Right now I am staring at the blank page. It has been a couple of weeks and just as I finished that piece on Marie Antoinette by Sophia Coppola, I started thinking about my writing in a much different way. I contacted old friends from the "industry" and started to hope for a lunch here and there. I also received word of a journal run out Paris, so I felt my writerly self and my concentration on French verbs congealing into a proper project -- a true transformation. Now after a couple of weeks of job preparation and learning how to navigate a bureaucracy that has to be one of the largest in the country, I am back to square one, so to speak.

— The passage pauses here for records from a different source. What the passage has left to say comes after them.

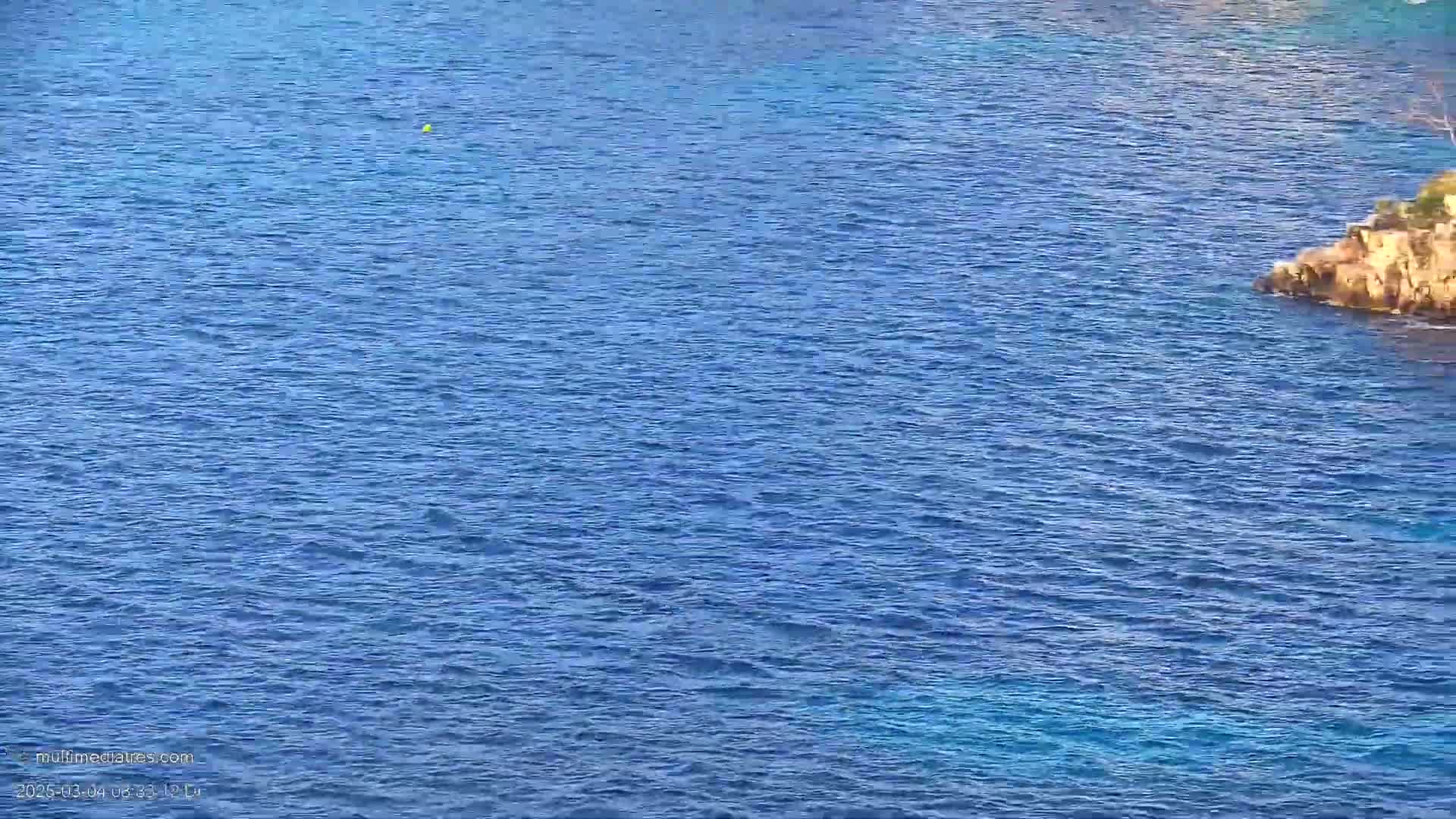 A rocky outcrop juts into a calm, deep blue sea.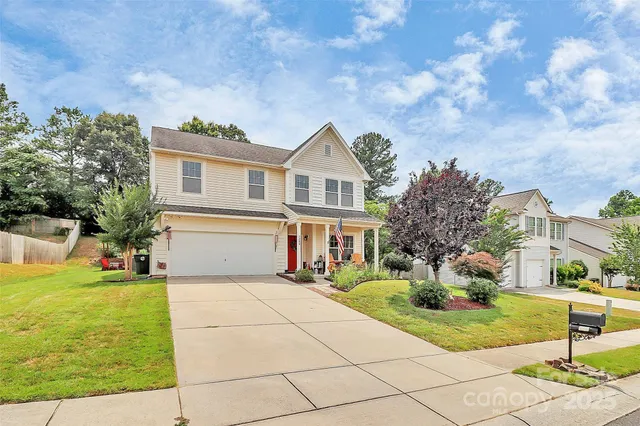 a front view of house with yard and trees around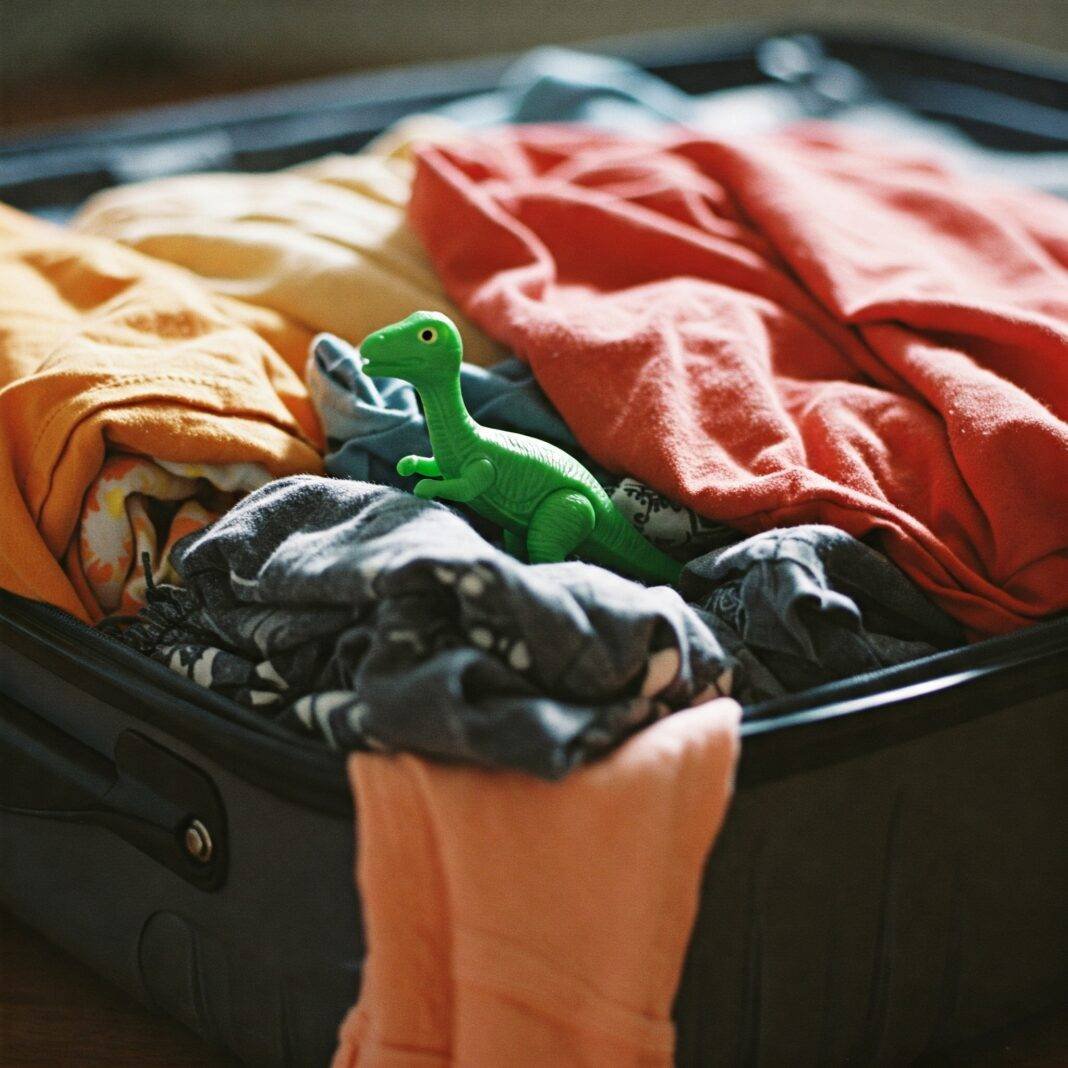 Messy suitcase packing with dinosaur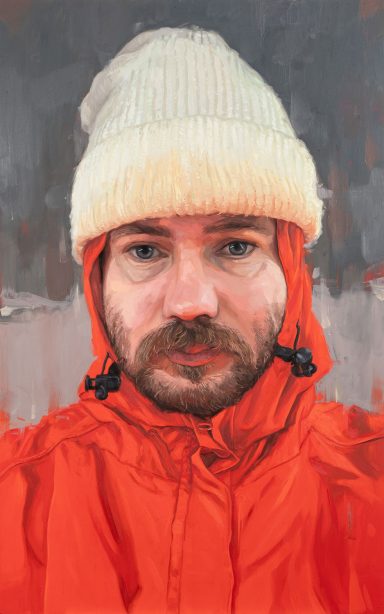 Portrait of a modern artist - Tom Guilmard Portrait of a person in an orange jacket and white beanie against a muted background. By Oliver Winconek, contemporary portrait artist.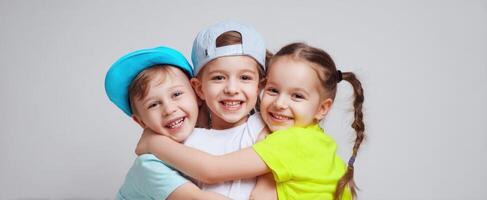 The joyful children embracing each other in colorful attire and hats. photo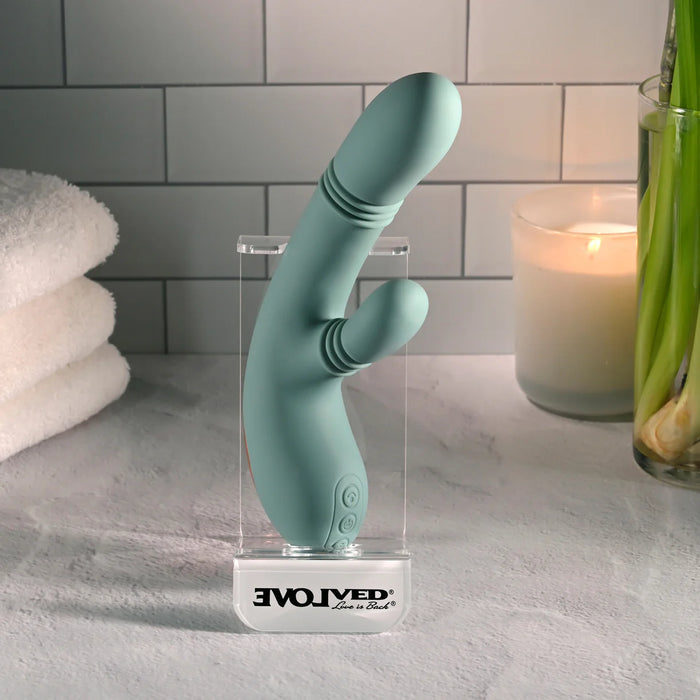 A mint green curved personal massager standing upright in a clear acrylic display case on a countertop. The case base is printed with the brand name 'EVOLVED Love by Revv'.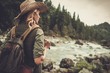 © Nejron Photo - Beautiful woman hiker enjoying amazing landscapes near wild mountain river.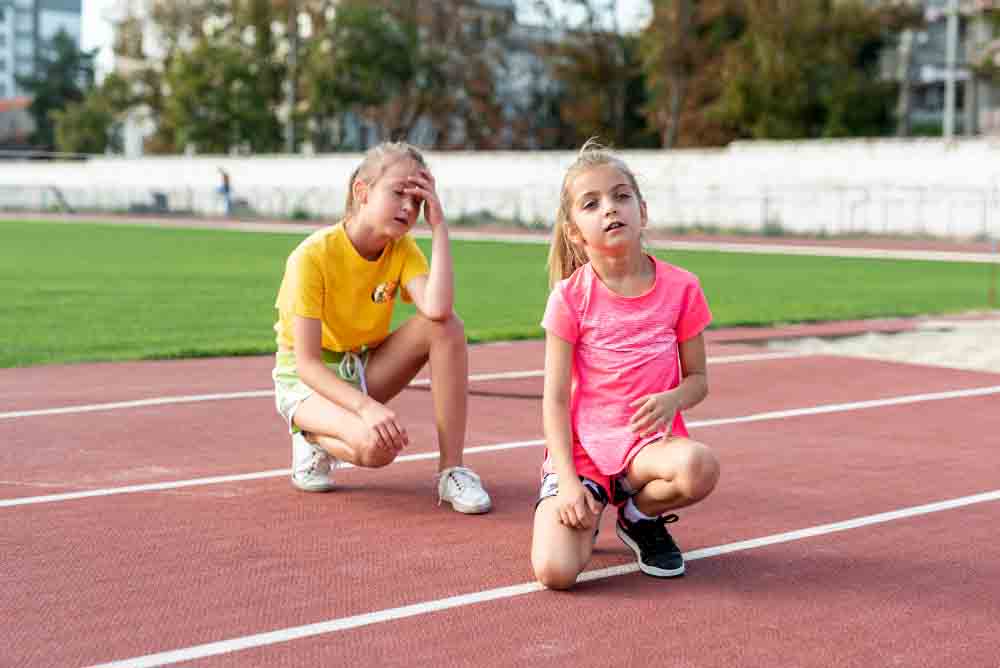 Dos chicas jóvenes vestidas con ropa deportiva se sientan y arrodillan en una pista de atletismo, con aspecto agotado después de hacer ejercicio. Una chica con camiseta amarilla apoya la mano en la cabeza y la otra, de rosa, se inclina hacia delante con la mano en la pierna.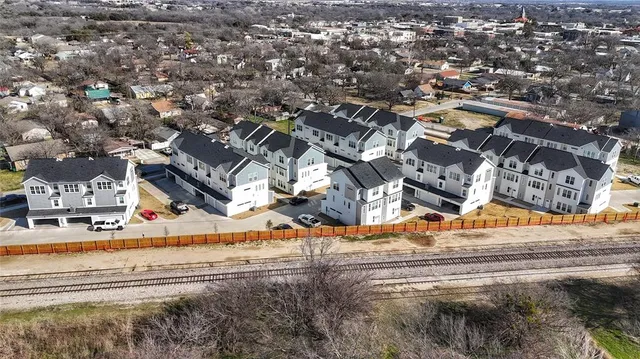 an aerial view of residential houses with yard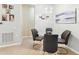 Cozy dining area with seating for four features a modern chandelier, artwork, and pet portraits at 7903 Seminole Blvd # 2203, Seminole, FL 33772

That vision of my time and writing is different now. It is slowly starting to settle in on my psyche that I am in the New World, where I am not an ex-patriot. New York, for all of its international appeal is much different than the streets and avenues that cross each other like a dying matriarch below 14th street, and the perfectly kept bodies and mobility of Bloomberg's Mecca in the east 50's. That is the transient New World, rouged in new money and Hermes cologne. New York is its children I am starting to learn. All one million of them. Many of them multi-lingual and trapped in a world where cognitive linguistic communication stops on the surface level of all things. Solely spoken Spanish, half learned English from the streets, snippets from various advertisers and newspapers are creating a weird pidgin dish of French speaking West Africans, Mexicans, Dominicans and Chinese dialects. It is a world full of its own commerce, beliefs and norms. I am just starting to wonder how I am going to elevate my students' respect for their mother tongue and English so they are interested in learning the academic language required for them to master both languages. Right now I only see our American democracy concentrating on the pre-eminence of English with very little regard to the advantages and complexity of other languages. My assessment at this point is that we are producing adults who are functionally illiterate in 2 languages because of the neglect of our system to address children who may very well be the first in their families to received formalized education. It is evident in the number of teenagers who are unable to talk about language using the 8 parts of speech in very rudimentary descriptions of how they form a sentence.

So, I am wondering about this French lesson I started 7 weeks ago when I was 20 pounds heavier. It is already giving way to Spanish in the restaurants, in the bodegas, at the corner grocer and at my local dive where I enjoy 5 dollar plates of food and beer. French is already giving way to Hispaniola as a whole.

There was that night when I sat on a giant blanket in a Bronx park drinking a Heineken and a Dominican friend talked about crossing into Haiti on a truck and having to turn back. It was all to much. The way he paused, took off his hat and wiped his face of sweat made me embarrassed -- all this talk of the Creole world in the wake of a horror that defies all suffering. The difference between erudition and witnessing never was more apparent.

"We are all part Haitian. We are from the interior. We are near the border. We are the Dominicans with the most soul." the other friend added.

I remember the sky being so beautiful as twilight started to turn the green trees black and the drink of choice switched from beer to cognac.